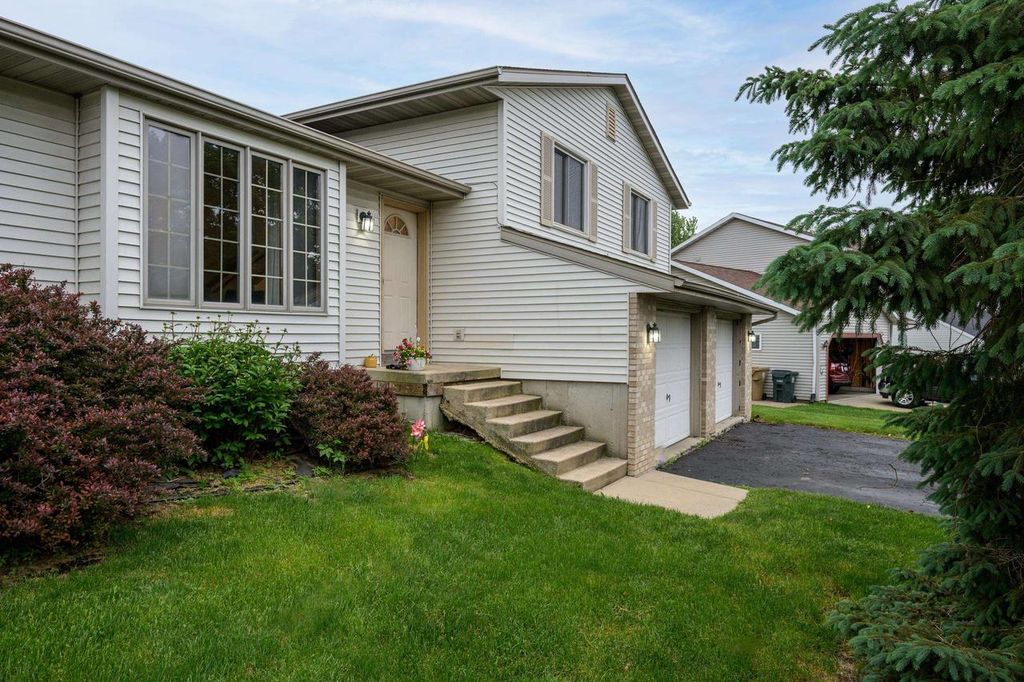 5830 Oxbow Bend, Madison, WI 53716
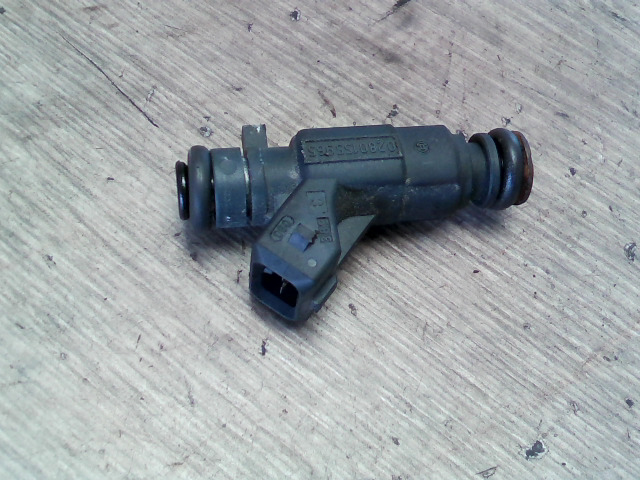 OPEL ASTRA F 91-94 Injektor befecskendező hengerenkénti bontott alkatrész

· · · · ·

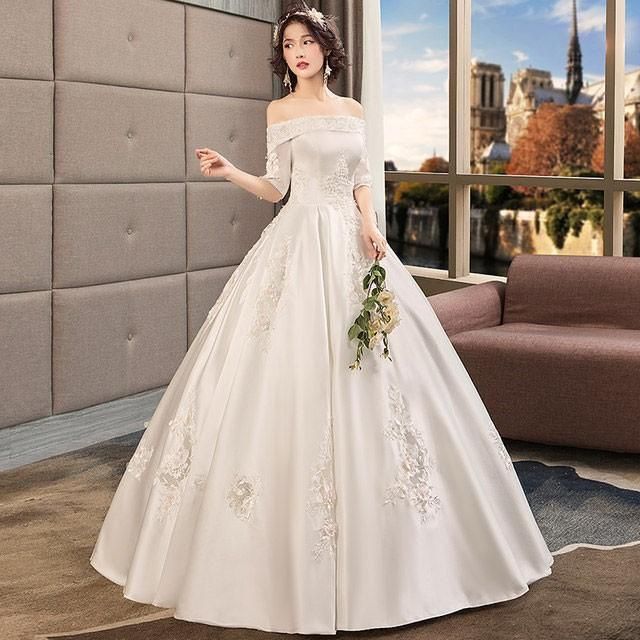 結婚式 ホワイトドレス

· · · · ·

YOUR ASSIGNMENT
In the entries above, find the line containing "5830 Oxbow Bend, Madison, WI 53716" and the line containing "OPEL ASTRA F"; give again exactly those two lines and every line between them, minus the pictures.

RESULT FOR THIS TASK
 5830 Oxbow Bend, Madison, WI 53716
 OPEL ASTRA F 91-94 Injektor befecskendező hengerenkénti bontott alkatrész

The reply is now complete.